ステルス戦闘機「殲20」公開、習副主席が主導か

 中国初のステルス戦闘機「殲20」の試験飛行は、巧妙にもゲーツ米国防長官と胡錦濤国家主席が会談した際に確認された。中国軍首脳部の何者かが計画し、タイミングを合わせたのではないかという推測も聞かれる。

 これについて、カナダの軍事専門誌「漢和ディフェンスレビュー」のアンドレイ・チャン編集長は12日、「テレビドラマのような殲20試験飛行のドラマは、習近平国家副主席の作品だ」と指摘した。チャン編集長は香港紙サウス・チャイナ・モーニング・ポストに対し「今回の殲20をめぐるメディア戦略は、最初から習副主席が担当し、最高の瞬間に公表されるよう、徹底して企画、演出を行った」と指摘した。

 香港紙・明報によると、習副主席は今月初め、四川省成都市の軍用空港で行われた殲20の滑走テストを直接視察したとされる。

 チャン編集長は「習副主席の政治スタイルは、胡主席とは全く異なる。殲20の試験飛行がそのスタイルを示している」と評した。

 チャン編集長によると、中国の国家体制(共産党一党独裁)の性格上、地方の特定メディアがステルス戦闘機開発という軍事機密を漏らすことは有り得ず、中央軍事委員会が知らない間に傘下の部隊が試験飛行の日取りを決めることもできない。このため先月末からステルス戦闘機開発説を外部に流し、世界的な関心を増幅させた後、劇的な瞬間に発表されるように、日取りや時間を設定した。これもすべて習副主席の作品ではないかとみられておる。

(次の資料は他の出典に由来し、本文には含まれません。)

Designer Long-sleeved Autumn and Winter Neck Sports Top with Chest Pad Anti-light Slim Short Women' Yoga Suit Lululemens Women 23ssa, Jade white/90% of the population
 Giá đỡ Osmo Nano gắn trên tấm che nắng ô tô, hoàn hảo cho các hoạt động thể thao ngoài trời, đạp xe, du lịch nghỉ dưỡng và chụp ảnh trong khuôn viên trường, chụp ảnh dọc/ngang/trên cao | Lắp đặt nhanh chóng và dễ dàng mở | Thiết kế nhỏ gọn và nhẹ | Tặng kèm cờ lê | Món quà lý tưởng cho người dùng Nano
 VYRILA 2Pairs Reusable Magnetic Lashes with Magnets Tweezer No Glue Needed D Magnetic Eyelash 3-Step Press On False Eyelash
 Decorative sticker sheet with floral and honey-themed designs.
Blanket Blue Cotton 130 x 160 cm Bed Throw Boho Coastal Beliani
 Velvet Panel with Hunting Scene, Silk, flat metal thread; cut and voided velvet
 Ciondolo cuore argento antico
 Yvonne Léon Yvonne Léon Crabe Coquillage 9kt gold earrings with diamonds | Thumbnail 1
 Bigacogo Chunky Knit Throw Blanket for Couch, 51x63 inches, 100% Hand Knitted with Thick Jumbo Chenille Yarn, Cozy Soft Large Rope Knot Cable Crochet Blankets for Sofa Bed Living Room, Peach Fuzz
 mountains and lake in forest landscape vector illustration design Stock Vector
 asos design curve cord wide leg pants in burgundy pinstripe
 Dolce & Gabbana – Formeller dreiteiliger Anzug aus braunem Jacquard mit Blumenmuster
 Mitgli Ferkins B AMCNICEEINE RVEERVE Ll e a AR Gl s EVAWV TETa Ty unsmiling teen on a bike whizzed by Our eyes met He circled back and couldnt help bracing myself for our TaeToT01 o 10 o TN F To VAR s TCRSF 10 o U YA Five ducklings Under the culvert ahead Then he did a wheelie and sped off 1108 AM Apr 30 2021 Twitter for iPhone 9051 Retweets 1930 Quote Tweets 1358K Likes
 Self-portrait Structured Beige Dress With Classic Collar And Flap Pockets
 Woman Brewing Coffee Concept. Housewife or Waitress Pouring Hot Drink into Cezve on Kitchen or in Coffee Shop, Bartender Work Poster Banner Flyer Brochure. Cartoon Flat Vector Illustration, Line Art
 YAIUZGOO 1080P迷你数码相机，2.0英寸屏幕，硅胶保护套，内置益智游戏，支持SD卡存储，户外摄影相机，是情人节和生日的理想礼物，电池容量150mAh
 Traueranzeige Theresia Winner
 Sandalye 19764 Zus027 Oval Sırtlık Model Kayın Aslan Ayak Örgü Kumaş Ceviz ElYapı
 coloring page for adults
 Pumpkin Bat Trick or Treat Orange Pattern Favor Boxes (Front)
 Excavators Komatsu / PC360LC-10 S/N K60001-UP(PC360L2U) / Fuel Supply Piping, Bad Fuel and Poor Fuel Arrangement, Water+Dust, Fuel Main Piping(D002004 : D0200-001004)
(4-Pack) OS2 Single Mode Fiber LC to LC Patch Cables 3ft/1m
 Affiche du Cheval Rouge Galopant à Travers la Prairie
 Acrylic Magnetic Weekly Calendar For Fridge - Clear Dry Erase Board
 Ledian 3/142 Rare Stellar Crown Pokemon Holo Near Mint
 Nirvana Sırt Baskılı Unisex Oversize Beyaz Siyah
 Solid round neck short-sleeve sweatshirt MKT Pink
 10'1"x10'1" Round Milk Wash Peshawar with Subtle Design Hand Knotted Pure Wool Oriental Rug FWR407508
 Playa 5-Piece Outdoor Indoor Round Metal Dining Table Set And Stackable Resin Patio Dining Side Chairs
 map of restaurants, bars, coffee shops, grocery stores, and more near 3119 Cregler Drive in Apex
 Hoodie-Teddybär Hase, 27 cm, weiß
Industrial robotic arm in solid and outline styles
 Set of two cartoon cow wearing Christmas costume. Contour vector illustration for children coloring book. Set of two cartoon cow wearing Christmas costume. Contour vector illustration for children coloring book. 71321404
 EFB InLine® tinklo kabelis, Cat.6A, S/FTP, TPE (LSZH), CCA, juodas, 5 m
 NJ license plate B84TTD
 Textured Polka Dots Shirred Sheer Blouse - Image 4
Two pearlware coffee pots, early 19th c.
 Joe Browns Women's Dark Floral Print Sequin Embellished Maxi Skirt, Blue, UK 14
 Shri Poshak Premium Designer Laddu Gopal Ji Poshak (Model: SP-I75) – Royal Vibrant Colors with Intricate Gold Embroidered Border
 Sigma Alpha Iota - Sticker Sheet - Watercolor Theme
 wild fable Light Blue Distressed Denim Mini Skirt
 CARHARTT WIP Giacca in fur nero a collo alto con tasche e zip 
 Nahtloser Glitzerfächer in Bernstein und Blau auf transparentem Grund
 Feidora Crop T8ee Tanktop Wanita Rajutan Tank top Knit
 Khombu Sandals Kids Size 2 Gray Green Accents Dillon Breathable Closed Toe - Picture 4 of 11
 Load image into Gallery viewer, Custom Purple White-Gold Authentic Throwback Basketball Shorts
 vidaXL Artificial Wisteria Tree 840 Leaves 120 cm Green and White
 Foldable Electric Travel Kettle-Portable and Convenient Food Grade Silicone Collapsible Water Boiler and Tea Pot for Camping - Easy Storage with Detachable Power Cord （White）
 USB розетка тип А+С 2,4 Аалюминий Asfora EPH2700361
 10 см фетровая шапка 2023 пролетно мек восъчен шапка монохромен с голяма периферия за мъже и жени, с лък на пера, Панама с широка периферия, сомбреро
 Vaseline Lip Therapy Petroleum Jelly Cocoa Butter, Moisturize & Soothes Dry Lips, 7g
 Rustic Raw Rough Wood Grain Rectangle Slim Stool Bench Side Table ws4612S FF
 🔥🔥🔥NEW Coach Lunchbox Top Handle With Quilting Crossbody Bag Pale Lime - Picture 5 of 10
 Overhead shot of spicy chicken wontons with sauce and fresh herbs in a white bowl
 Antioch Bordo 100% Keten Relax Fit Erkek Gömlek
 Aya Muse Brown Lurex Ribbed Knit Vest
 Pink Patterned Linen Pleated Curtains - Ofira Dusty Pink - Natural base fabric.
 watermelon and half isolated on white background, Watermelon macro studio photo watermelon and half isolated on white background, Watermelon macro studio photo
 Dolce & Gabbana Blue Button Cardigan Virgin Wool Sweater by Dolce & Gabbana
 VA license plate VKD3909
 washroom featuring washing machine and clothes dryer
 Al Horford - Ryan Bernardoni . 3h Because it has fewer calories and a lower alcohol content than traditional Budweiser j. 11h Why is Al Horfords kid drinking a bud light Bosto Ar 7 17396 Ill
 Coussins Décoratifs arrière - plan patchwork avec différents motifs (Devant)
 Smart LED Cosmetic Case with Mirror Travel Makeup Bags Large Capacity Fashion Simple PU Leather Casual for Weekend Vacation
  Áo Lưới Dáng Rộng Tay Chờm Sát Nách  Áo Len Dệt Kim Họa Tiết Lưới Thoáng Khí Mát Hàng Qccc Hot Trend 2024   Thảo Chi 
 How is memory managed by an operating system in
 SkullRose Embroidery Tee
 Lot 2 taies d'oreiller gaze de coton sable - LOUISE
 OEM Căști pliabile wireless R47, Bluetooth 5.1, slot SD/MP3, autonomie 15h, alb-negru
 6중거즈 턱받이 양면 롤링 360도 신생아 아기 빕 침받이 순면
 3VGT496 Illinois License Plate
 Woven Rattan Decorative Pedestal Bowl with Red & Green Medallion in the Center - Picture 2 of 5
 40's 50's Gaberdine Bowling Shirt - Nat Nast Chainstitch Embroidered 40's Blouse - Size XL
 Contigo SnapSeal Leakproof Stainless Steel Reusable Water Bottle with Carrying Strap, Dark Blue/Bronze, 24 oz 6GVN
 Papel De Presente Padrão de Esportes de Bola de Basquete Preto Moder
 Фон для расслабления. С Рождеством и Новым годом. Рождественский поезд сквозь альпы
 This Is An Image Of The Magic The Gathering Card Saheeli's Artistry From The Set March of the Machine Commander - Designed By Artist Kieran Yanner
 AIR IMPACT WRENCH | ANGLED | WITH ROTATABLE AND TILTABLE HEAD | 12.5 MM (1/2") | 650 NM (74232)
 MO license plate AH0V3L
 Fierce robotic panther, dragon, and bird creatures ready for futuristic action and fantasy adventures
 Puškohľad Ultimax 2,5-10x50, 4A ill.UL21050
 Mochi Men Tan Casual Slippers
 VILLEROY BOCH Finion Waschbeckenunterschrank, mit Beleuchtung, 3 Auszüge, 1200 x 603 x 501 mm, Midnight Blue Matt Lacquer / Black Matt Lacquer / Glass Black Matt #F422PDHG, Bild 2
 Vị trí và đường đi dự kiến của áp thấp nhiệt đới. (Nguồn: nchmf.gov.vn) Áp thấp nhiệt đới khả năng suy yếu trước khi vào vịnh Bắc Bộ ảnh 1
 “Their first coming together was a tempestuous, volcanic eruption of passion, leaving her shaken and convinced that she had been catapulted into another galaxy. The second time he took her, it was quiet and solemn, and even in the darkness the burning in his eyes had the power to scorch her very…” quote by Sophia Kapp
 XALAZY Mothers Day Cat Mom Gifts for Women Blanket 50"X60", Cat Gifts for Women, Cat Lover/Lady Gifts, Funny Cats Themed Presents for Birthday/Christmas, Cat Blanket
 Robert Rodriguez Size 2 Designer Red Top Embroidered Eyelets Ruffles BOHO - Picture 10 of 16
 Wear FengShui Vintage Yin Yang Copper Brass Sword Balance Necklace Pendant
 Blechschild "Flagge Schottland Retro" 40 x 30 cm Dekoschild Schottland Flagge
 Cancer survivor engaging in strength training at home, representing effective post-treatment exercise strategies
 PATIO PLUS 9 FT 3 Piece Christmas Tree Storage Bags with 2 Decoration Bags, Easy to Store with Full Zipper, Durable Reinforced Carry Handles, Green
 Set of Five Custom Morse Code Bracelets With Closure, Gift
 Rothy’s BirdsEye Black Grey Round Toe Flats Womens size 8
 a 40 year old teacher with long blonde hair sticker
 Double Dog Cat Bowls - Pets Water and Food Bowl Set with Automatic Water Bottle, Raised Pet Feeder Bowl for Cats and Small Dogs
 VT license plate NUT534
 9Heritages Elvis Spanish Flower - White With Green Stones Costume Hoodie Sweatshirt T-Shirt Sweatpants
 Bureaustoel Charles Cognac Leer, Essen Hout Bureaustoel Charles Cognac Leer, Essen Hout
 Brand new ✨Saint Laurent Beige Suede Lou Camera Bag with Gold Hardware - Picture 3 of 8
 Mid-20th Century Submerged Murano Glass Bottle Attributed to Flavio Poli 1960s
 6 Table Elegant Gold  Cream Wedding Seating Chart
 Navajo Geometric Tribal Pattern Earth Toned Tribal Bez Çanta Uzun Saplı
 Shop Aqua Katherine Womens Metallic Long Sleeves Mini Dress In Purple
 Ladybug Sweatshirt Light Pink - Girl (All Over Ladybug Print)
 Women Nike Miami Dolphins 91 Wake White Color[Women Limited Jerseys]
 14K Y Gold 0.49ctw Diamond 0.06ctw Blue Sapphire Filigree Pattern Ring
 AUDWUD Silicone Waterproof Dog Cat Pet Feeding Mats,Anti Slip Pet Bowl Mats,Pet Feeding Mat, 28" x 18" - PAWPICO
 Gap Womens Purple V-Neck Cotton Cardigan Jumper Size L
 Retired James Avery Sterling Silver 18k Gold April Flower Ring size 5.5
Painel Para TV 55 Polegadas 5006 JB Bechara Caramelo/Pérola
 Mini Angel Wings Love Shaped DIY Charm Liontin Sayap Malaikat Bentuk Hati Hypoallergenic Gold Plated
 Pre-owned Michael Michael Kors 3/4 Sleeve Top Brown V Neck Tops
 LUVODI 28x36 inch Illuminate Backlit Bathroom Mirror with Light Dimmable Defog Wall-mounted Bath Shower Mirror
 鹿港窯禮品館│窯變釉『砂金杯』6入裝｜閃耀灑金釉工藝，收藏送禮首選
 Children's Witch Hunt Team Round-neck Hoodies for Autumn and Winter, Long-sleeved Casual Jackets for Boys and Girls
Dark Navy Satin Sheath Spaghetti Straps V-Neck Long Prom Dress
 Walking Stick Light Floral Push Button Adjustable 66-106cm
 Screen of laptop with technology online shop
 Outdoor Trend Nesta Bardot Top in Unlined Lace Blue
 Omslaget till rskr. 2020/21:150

 それならば、習副主席は胡主席にも事前に試験飛行の時間を知らせなかったのか。胡主席は11日午後、ゲーツ国防長官から殲20の試験飛行について確認を求められ、驚いたような表情を見せた。そして、同席者に確認した後、「事実だ」と述べたという。会談に同席した米政府関係者は「胡主席は試験飛行の事実を全く知らなかったようだ」と話し、米メディアは「胡主席の軍掌握力に問題があるのではないか」とまで報じた。

 しかし、香港の中国問題専門家は、胡主席の表情は演技だった可能性を指摘する。共産党の最高権力機関の一つである共産党中央軍事委員会の主席は胡錦濤氏であり、副主席は習近平氏だ。共産党首脳部の集団指導体制が取られる中国の特性上、主席が知らない状況で、重要なイベントが行われるはずはないとの見方だ。このため、胡主席は「中国がステルス戦闘機を運用するのは2020年か25年になる」と中国を軽視したゲーツ国防長官に対し、間接的に試験飛行の事実を確認するという高度な芝居を行った可能性がある。